The book’s introduction is a detailed chronology of Plowden’s life, describing how a youthful obsession with steam locomotives and trains sparked his artistic career. His work gradually took the form of an extended lament as the last steam engines disappeared, followed inexorably by the Great Lakes steamboats, steel plants, and prairie farms he subsequently photographed. Plowden’s final project was A Handful of Dust, published in 2006. In it his austere prose and photographs documented the silent demise of once thriving farm towns he had visited decades earlier. In the summer of 2005 he quit photographing for good, despairing at the disappearance of his subject matter.
The photographs in Vanishing Point are grouped by subject matter and theme, beginning with steam locomotives in the late 1950’s, progressing through Lake steamers and tugboats, steel mills and bridges, to prairie farms and small towns. The 280 duotones include his iconic "greatest hits" such as "Phoebe Snow, Scranton, PA" (right) and "Statue of Liberty from New Jersey," with many less well-known gems. Plowden’s photos are meticulously crafted; he spent two years at an Indiana steel plant puzzling out how to preserve detail in both shadows and incandescent molten iron. His compositions are conventional, but carefully judged. Many of his early railroad photos include men; as his work matures you see fewer people, but a sense of honest blue-collar work and human craft is pervasive.
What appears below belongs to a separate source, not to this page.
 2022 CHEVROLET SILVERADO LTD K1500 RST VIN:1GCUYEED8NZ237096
In his late work, abandoned grain elevators and empty storefronts attest to a way of life that is dead and gone. Viewed sequentially, the images illustrate the apogee and long decline of America’s industrial and agricultural heartland. Plowden's real concern is the human touch; how honest workmanship and ambition transformed heartland America into something approaching art. And how that art has turned to dust after decades of neglect.
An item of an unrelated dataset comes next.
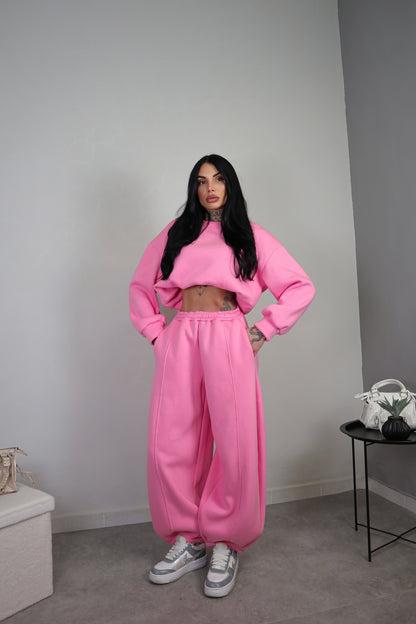 Completo Tuta Swag - Rosa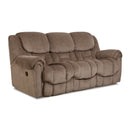  Homestretch Furniture Reclining Fabric Sofa 122-30-17 IMAGE 1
In a postscript Plowden describes his equipment, technique, film & paper choices in detail. He has always done his own darkroom printing. His expressed goal has been to portray his subject as directly as possible, without craft calling undue attention to itself. This self-effacing, modest approach is exactly appropriate to the subject. It's also the diametric opposite of the monumental, "look at me" style employed by artists like Edward Burtynsky or Andreas Gursky.
David Plowden by Hank Koshollek
I think the character of David Plowden’s work could be summarized as Walker Evans without the condescension. If you love Robert Frank, you’ll probably find Plowden too gentle and sympathetic. Not enough irony. If Gursky’s your thing, you may even find Plowden boring. But if you’ve ever looked in regret at a shuttered train station, or if you regard Wal-Mart as the Anti-Christ, you should have a look. This beautiful volume is the definitive summation of a worthy career. It may inspire you to check out Plowden’s earlier books—more than twenty in all, four of them still in print.
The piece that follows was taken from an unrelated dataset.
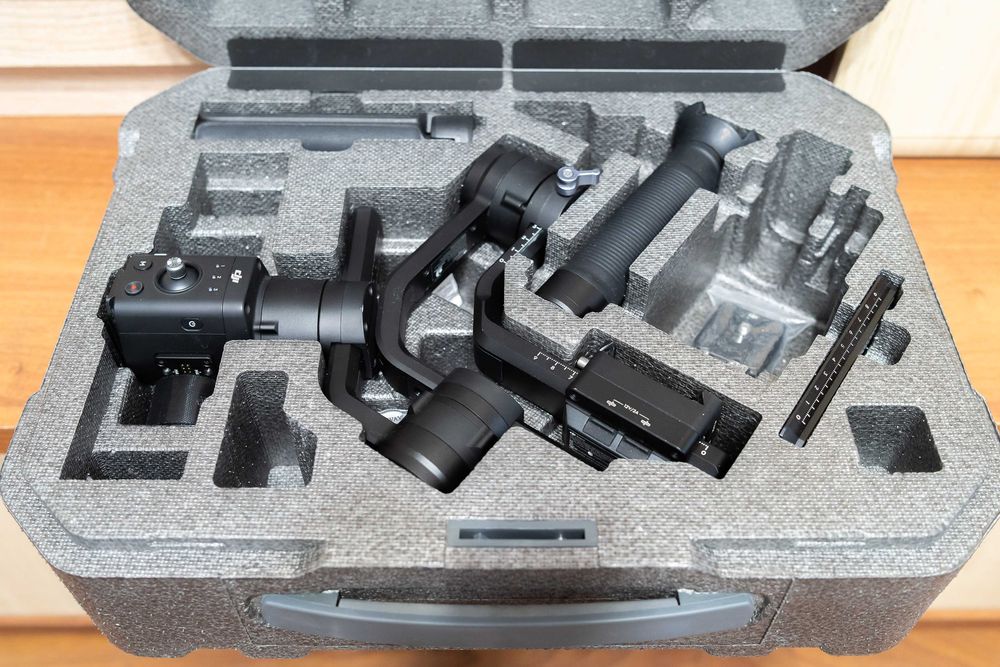 DJI Ronin-S для нагрузки 3.6 кг Стедикам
Geoff Wittig is a small town family physician with a passionate photography obsession. He spends most of his free days hiking and photographing—mostly rural landscapes—and sells enough prints to pay for ink and paper.
Featured Comment by Arthur Gross: "There's also a retrospective show going on now at Catherine Edelman gallery in Chicago to celebrate his 75th birthday and the release of the book. Plowden is a wonderful printer, and quite a number of images from the book are in the show as well. Highly recommended for Plowden fans or fans of B&W photography in general."